I have the first Rutles album, but not the second. It’s fun to listen to. Neil Innes did a fantastic job writing Beatles pastiches. His Lennon songs are perfect. So perfect that “Cheese and Onions” has shown up on Lennon bootlegs. (“Cheese and Onions,” by the way, is the Rutles’ “A Day In The Life.”) His McCartney songs are perfect. And that he gets George Harrison is nothing short of amazing.
Harrison, of course, appears in All You Need Is Cash, as a reporter covering the Rutles.
The Rutles aren’t for everyone. If you think you can take a Monty Python-esque take on the Beatles, then check out All You Need Is Cash. It’s one of the rare instances where British and American comedic talent comes together and works.

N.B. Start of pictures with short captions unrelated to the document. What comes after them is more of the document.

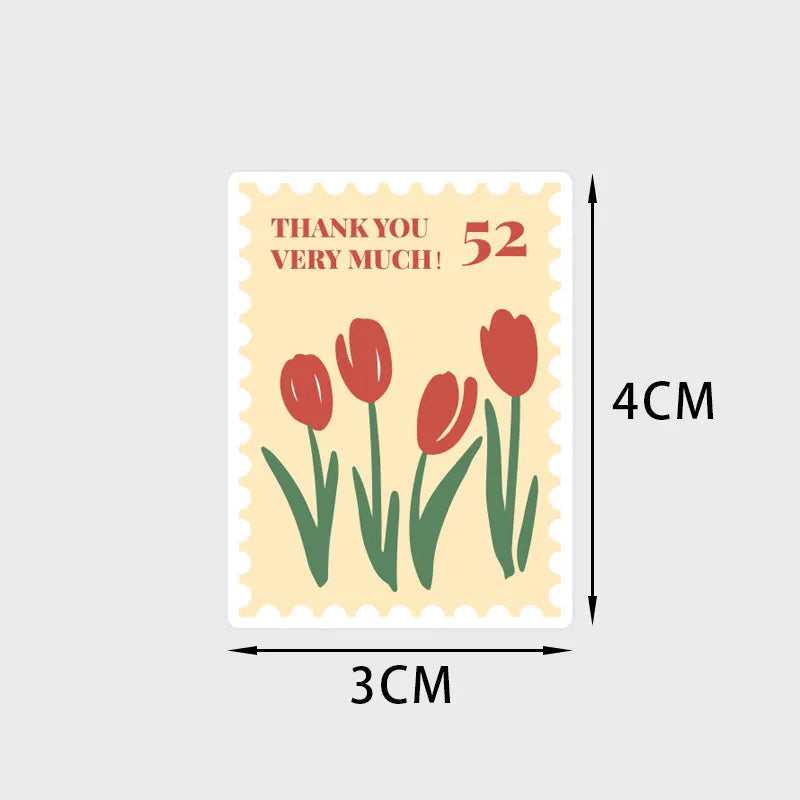 Floral Thank You Stickers – Square Stamp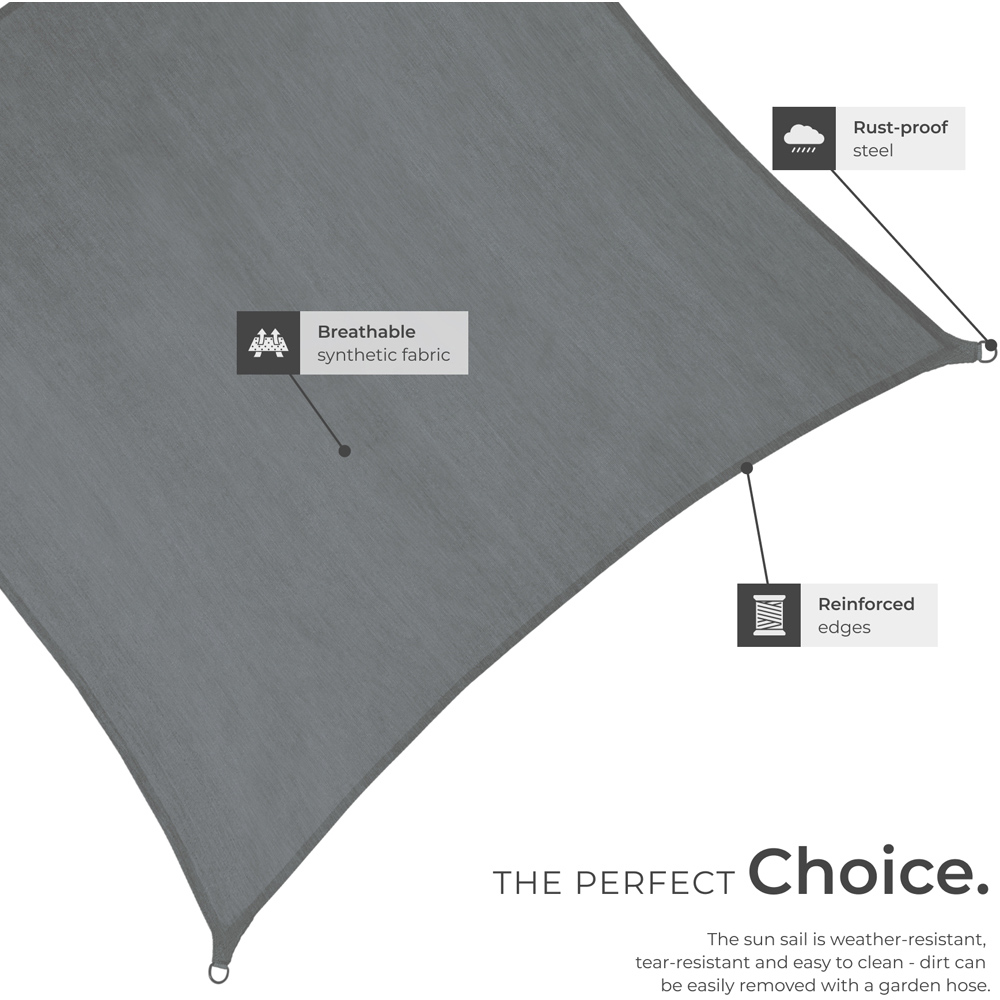 tectake Grey UV 50+ Rectangular Shade Sail 540cm Image 5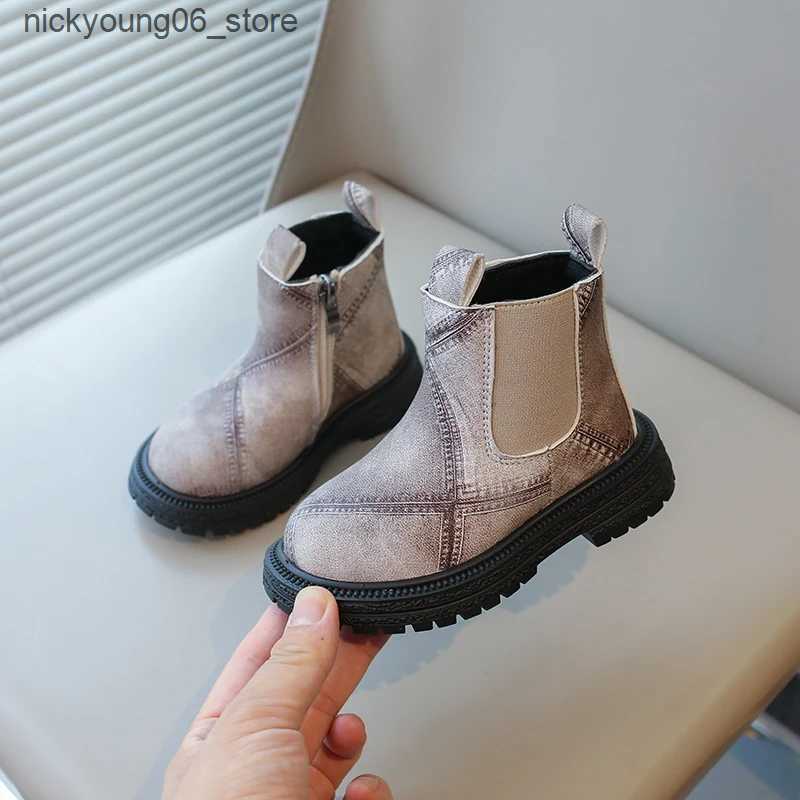 Boots Little Kids Fashion Boots 2024 Autumn Winter Brand New Boys Girls Ankle Boots Zipper Toddlers Children Chelsea Boots Anti-skid L240910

And the music may send you out looking for the soundtrack CD. 🙂
It’s fab music, from the Prefab Four!
That tribute concert would be so fantastic to see. The Fab Four’s website offers five of the Rutles songs as they perform them, and it’s a bit strange to hear, actually. The Fab Four sound remarkably like the Beatles (seriously, pick up either of their Christmas CDs sometime), and to hear the Rutles’ songs sounding more Beatle-y than even Neil Innes could make them is amazing. I hope there’s a full CD of this released; it would be awesome, and I’d buy it instantly. 🙂
Rutlemania! It’s like 1978! All over again!

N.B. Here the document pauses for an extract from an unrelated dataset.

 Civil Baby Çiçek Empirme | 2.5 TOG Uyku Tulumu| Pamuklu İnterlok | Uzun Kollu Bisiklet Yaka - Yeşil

If you enjoyed the Rutles first album, you should check out Archaeology (their second). As good as the first album was in its Beatles’ pastiches, this second album brings with it a more consistent, tighter focus, since it focuses more on the later Beatles career. Major Happy’s Up and Coming Once Upon a Good Time Band into Rendezvous (with ‘Barry’ singing, with a humorous callback vocal from the others, leading back into the middle 8) is cool… We’ve Arrived (And To Prove It We’re Here), is a cool ‘Back in the USSR’ pastiche (fading out with ‘number two, number two, number two’)… Back in ’64 (obviously based on ‘When I’m 64) has one of my favorite Rutles lines, ‘Back in ’64 before you were born / people had no time for pouring scorn (or scoring porn)’.
Anyway… enough babbling… cool site… I’m a huge Beatles fan… and I always liked the Rutles, Neil Innes did a good job… with both albums…

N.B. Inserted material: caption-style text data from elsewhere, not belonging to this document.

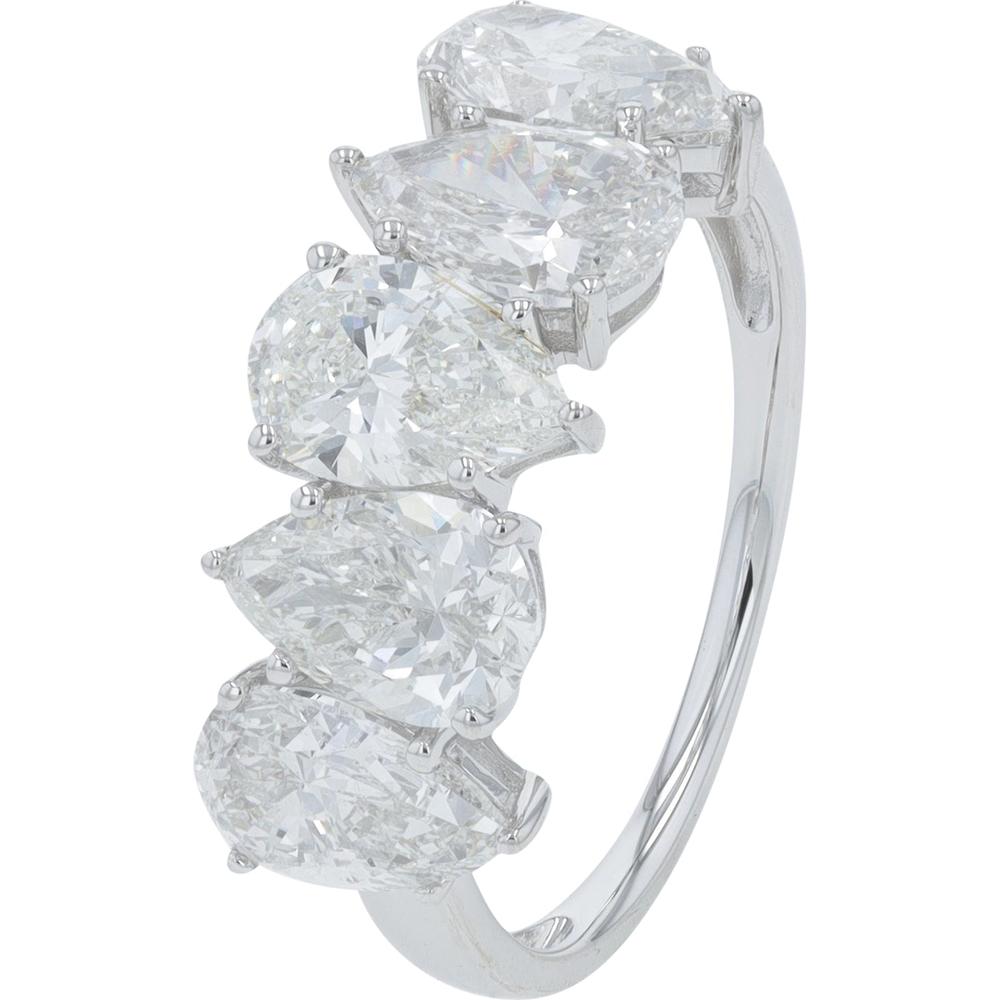 10K White Gold 3.50 Carat Lab Grown Diamond Five Stone Pear Cut Band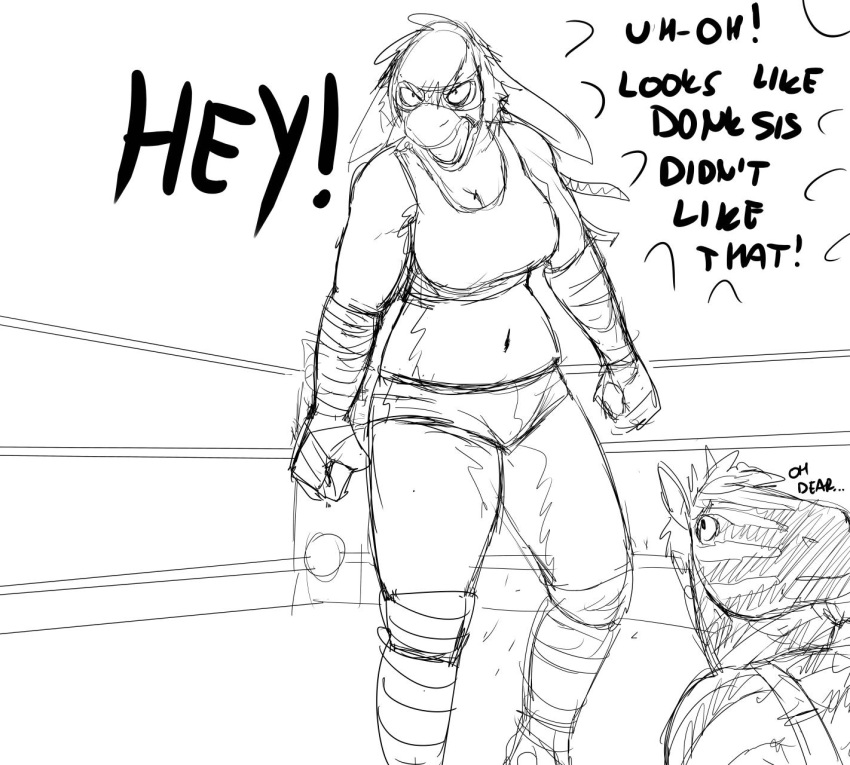 anthro big_breasts black_and_white boss_lamb_(hladilnik) bovid breasts caprine clothed clothing dialogue donk_sis english_text equid equine female hladilnik horse mammal mask monochrome pro_bun_(hladilnik) sheep text tinker_(hladilnik) wrestling wrestling_match zebra_dad_(hladilnik)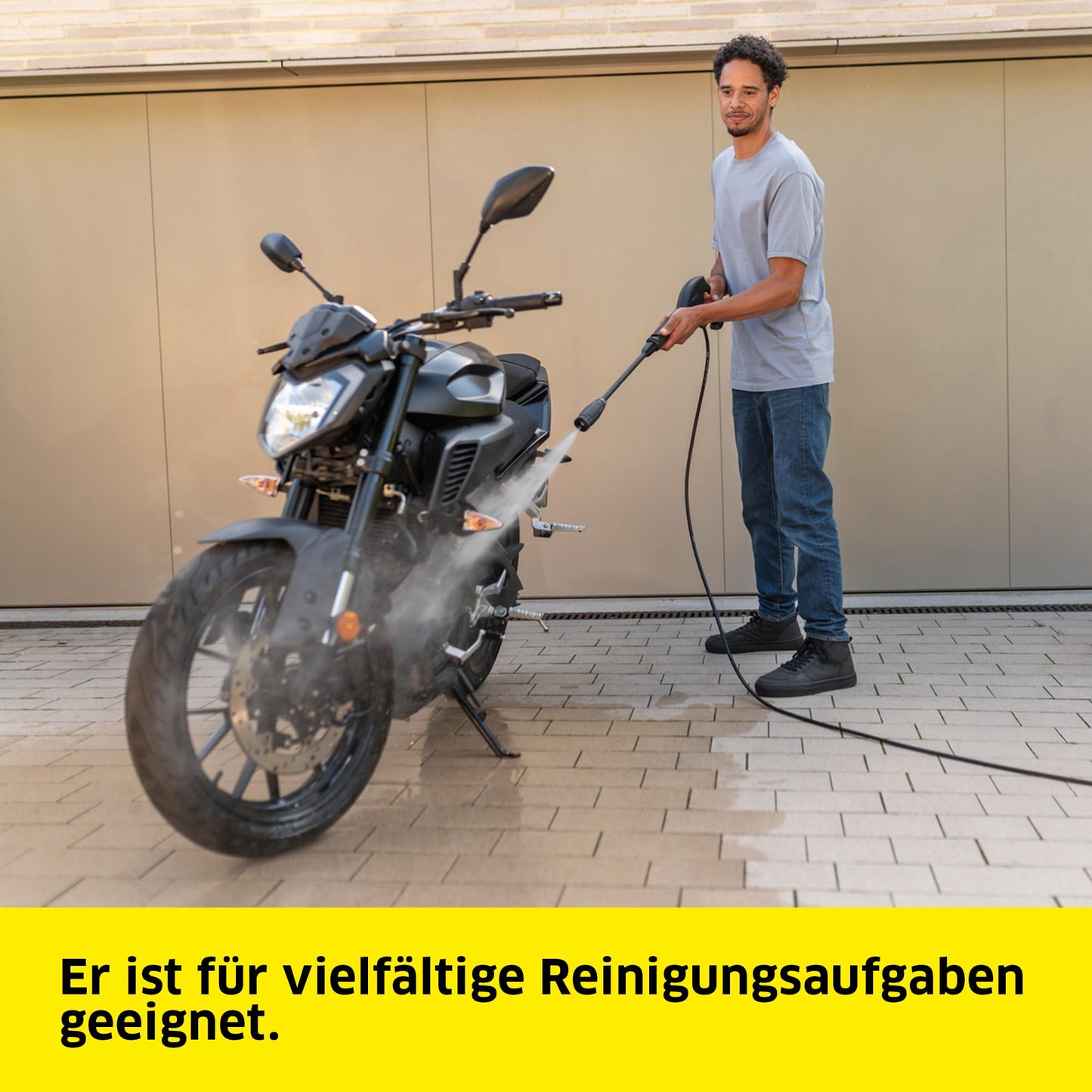 Kärcher high-pressure cleaner K 3 FJ, pressure: max. 120 bar, including foam nozzle for well-adhering foam and maximum dirt-dissolving power, yellow - 1.676-358.0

I keep meaning to pick up Archeology, and I’ve just never gotten around to it.
The Fab Four ultimately released six tracks from Rutlemania, and I’ve enjoyed those a great deal. 🙂
I’ve heard they’re going to do another set of Rutlemania performances. Maybe they’ll come down near the DC metro area. I can hope, anyway. 🙂
(And I had to spring this comment from comment purgatory. I don’t know why it landed there. If it happens again, just shoot me an e-mail through the Contact button up top, and I’ll know to look for it.)